-- Opening Marker --
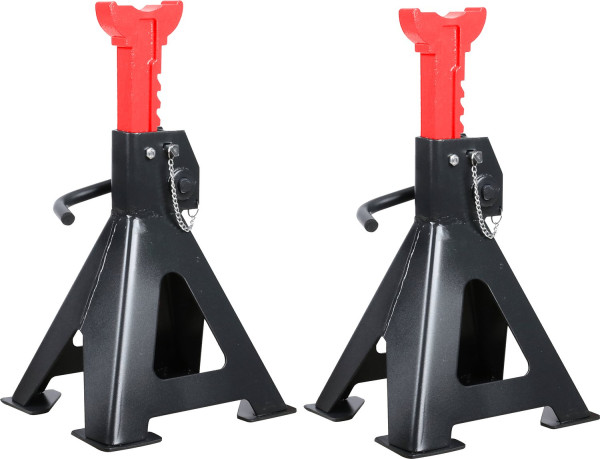 KS Tools performance Stahl-Unterstellbock mit Schnellverstellung, 12000 kg, VE: 1 Paar, 160.1260
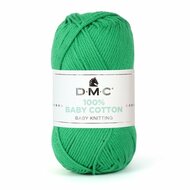 DMC 100% Baby Cotton - 781 - Groen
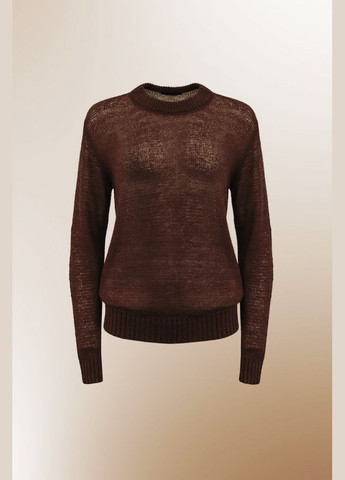 Коричневый демисезонный джемпер 2762 Bellise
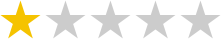 平均1点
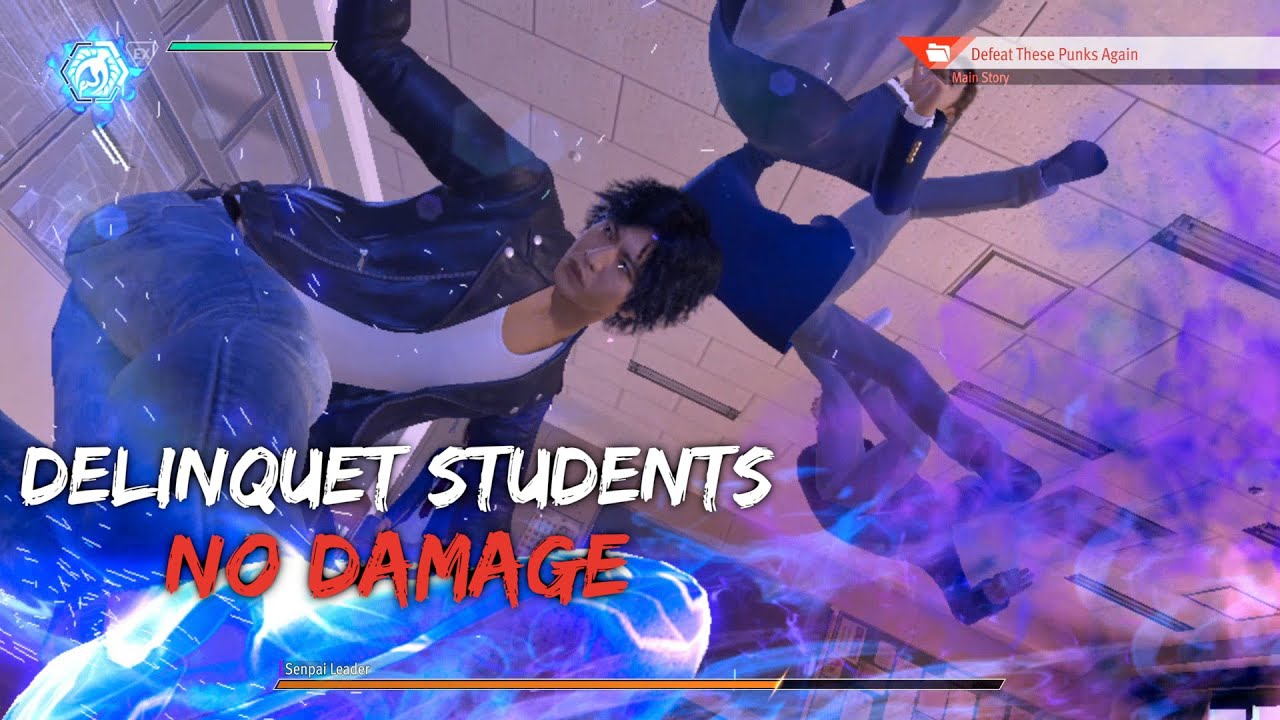 Lost Judgment - Kanai Wannabe and his Friends [No Damage] (Legend , -%45 ATK)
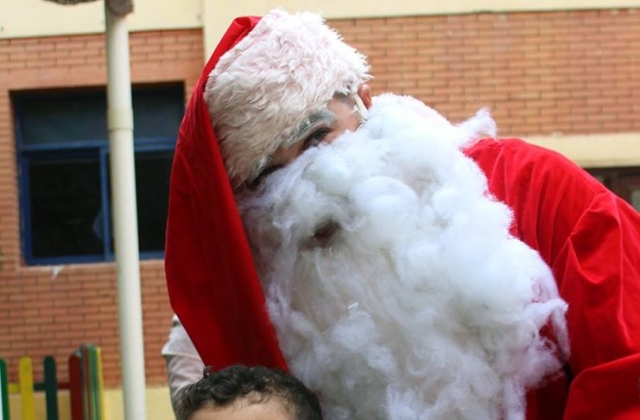 Santa's Visit 2016 - Preschool & KG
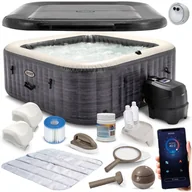 Baseny ogrodowe - INTEX Dmuchane SPA z hydromasażem 4 osobowe 28450 - miniaturka - grafika 1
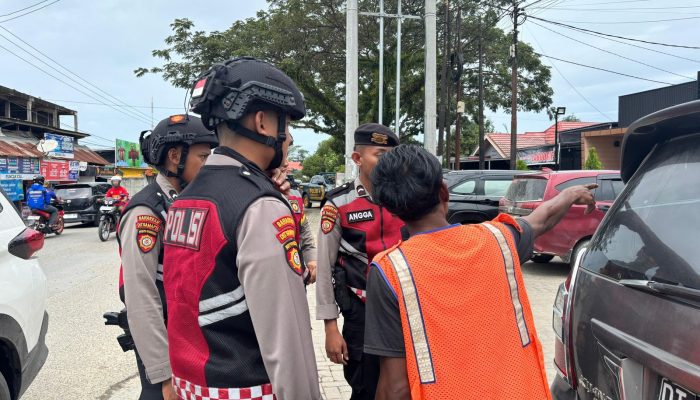 Satgas Anti Premanisme Polda Sultra Ingatkan Jukir di Kendari: Jangan Ada Pungli Berkedok Uang Keamanan!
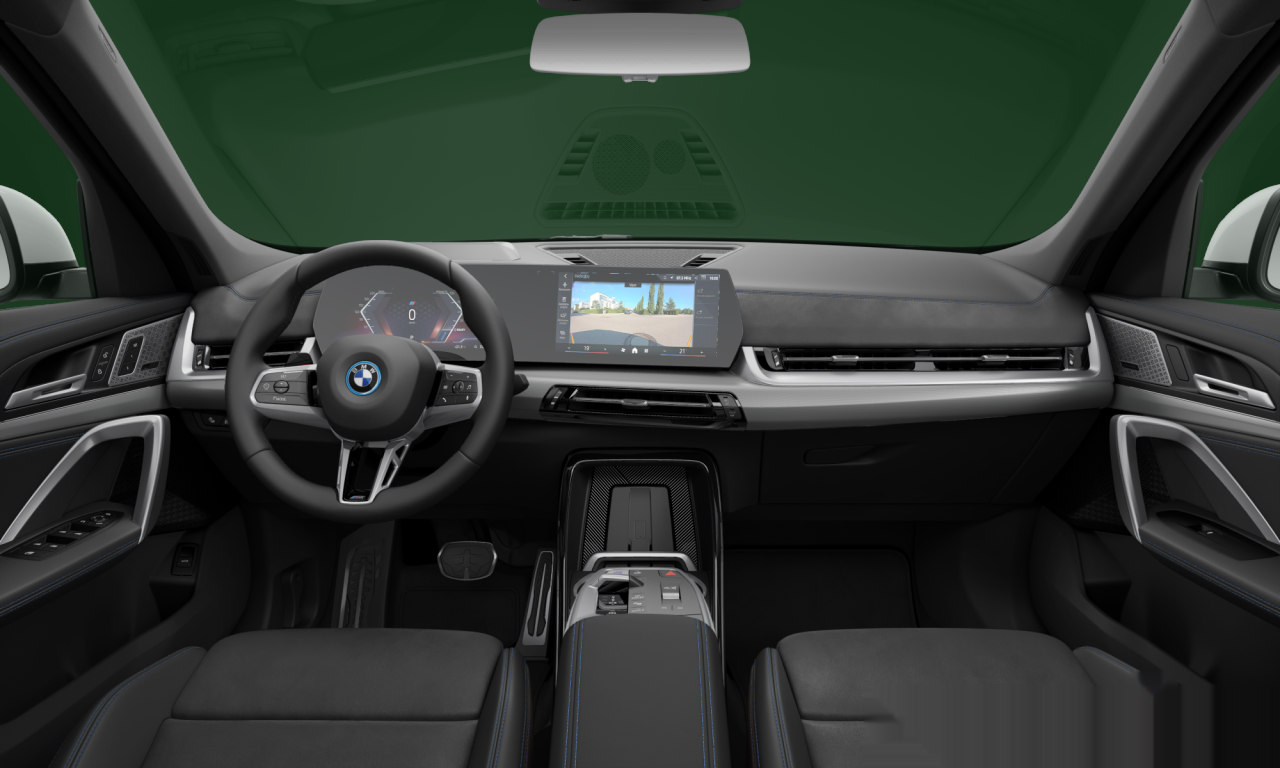 Interior of BMW iX1 xDrive30 (U11), VIN WBY61EF000DA02515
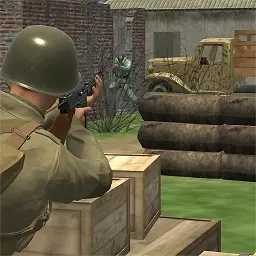 二战生存射击游戏-前线英雄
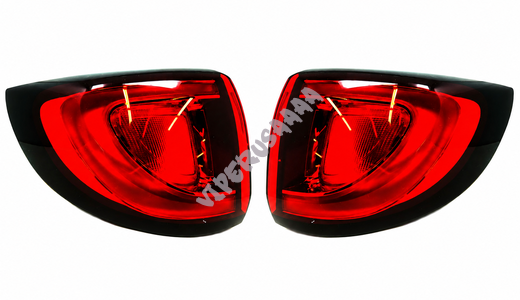 Lampa tył/tylna prawa + lewa LED 68229026AF 68229027AF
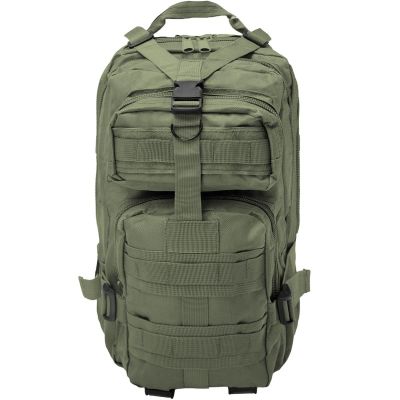 2. Military Backpack KHAKI SEMI LINE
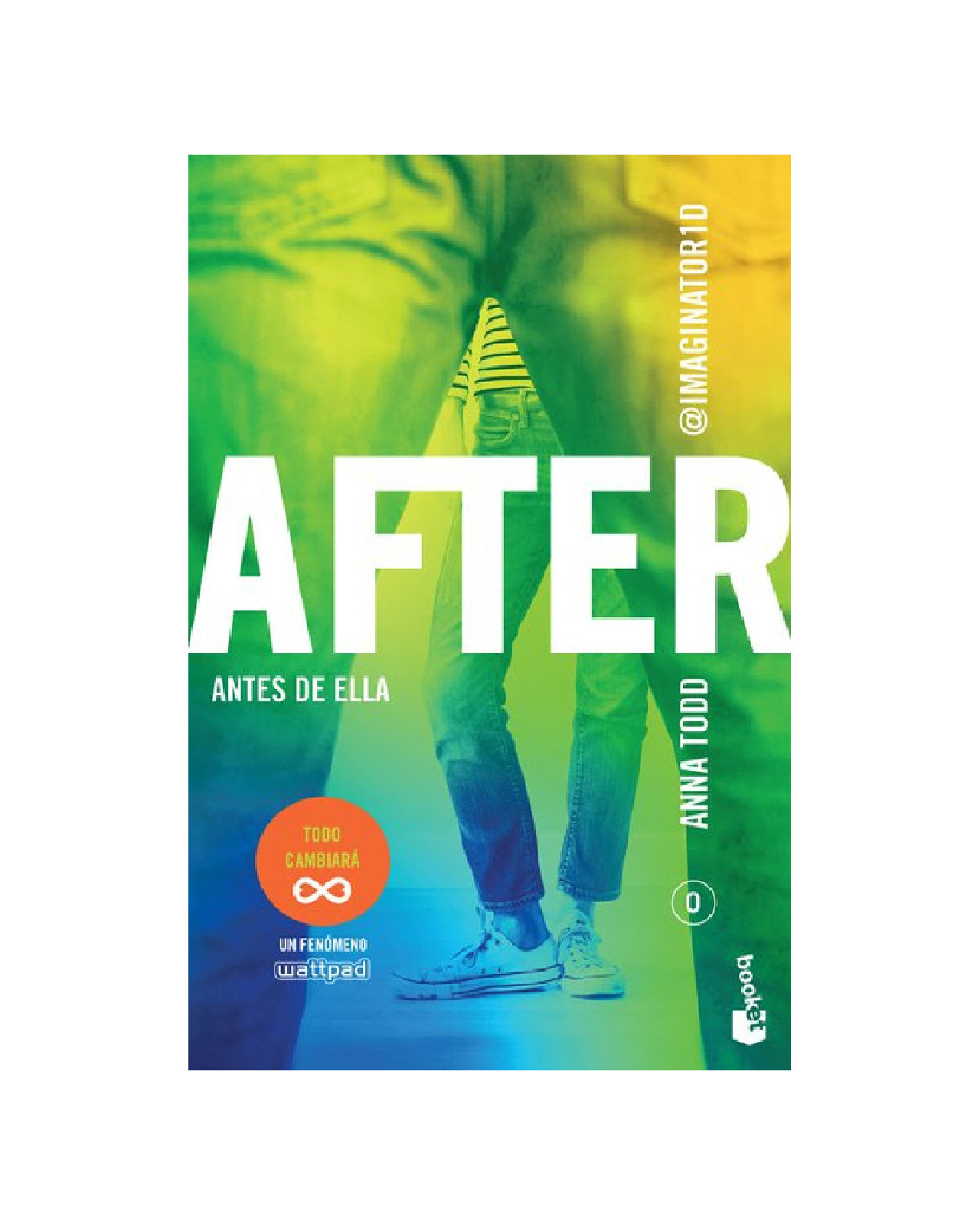 Foto 1 | Libro ''after. Antes De Ella''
-- Closing Marker --
## The task
Make an exact copy of the listing. Leave its pictures out.

## Completed exercise
 KS Tools performance Stahl-Unterstellbock mit Schnellverstellung, 12000 kg, VE: 1 Paar, 160.1260
 DMC 100% Baby Cotton - 781 - Groen
 Коричневый демисезонный джемпер 2762 Bellise
 平均1点
 Lost Judgment - Kanai Wannabe and his Friends [No Damage] (Legend , -%45 ATK)
 Santa's Visit 2016 - Preschool & KG
 Baseny ogrodowe - INTEX Dmuchane SPA z hydromasażem 4 osobowe 28450 - miniaturka - grafika 1
 Satgas Anti Premanisme Polda Sultra Ingatkan Jukir di Kendari: Jangan Ada Pungli Berkedok Uang Keamanan!
 Interior of BMW iX1 xDrive30 (U11), VIN WBY61EF000DA02515
 二战生存射击游戏-前线英雄
 Lampa tył/tylna prawa + lewa LED 68229026AF 68229027AF
 2. Military Backpack KHAKI SEMI LINE
 Foto 1 | Libro ''after. Antes De Ella''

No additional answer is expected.